New podcast: Yes, cover RFRA; but Equality Act coverage has also been quiet on local stories

New podcast: Yes, cover RFRA; but Equality Act coverage has also been quiet on local stories

What we have here is a logical question that journalists (and news consumers) should be asking at this point in coverage of debates about the Equality Act. It’s also one of the questions that “Crossroads” host Todd Wilken and dissected during this week’s podcast (click here to tune that in).

That question: How many religious health organizations, schools, recreation centers, homeless shelters, campgrounds, day-care centers and other forms of faith-driven ministries and nonprofit groups are located in the zip codes covered by the newsrooms of your local media outlets?

Earlier this week, I wrote a post (“Puzzle: Many reporters ignoring Equality Act's impact on this crucial Schumer-Kennedy legislation”) noting that a few mainstream news organizations have covered the ways in which the Equality Act would edit or even crush the Religious Freedom Restoration Act (RFRA) of 1993, which passed in the U.S. Senate vote of 97-3. That vote symbolized both the bipartisan nature of that legislation and stunning left-right coalition of sacred and secular groups that supported it.

That remains a valid angle for coverage.

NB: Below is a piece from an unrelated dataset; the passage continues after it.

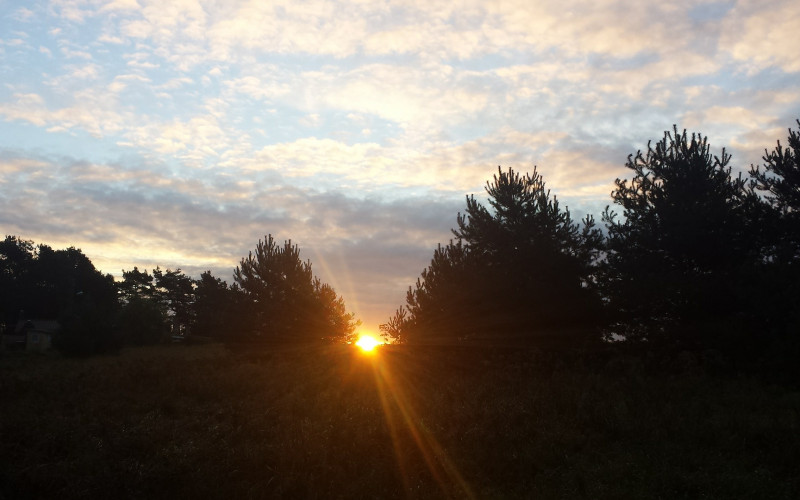 Danas sunčano, poslije podne pljuskovi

However, the more I thought about this topic, and the more Equality Act reports that I read, the more I focused in on another “quiet zone” in the mainstream news coverage — including at the local and regional levels.

For starters, let’s look at two pieces of a major New York Times report on the Equality Act:

It was the second time the Democratic-led House had passed the measure, known as the Equality Act, which seeks to amend the Civil Rights Act of 1964 to add explicit bans on discrimination against lesbian, gay, bisexual and transgender people in both public and private spaces.

Now, that’s remarkably broad language. What kinds of groups and institutions, pray tell, are included under “both public and private places”? And remember this old journalism mantra: All news is local.

Later on, the story adds:

In a landmark decision in June, the Supreme Court ruled that the 1964 civil rights law protects gay and transgender people from workplace discrimination, and that the language of the law, which prohibits discrimination on the basis of sex, also applies to discrimination based on sexual orientation and gender identity. House Democrats sought to build on that ruling with the Equality Act, which would expand the scope of civil rights protections beyond workers to consumers at businesses including restaurants, taxi services, gas stations and shelters.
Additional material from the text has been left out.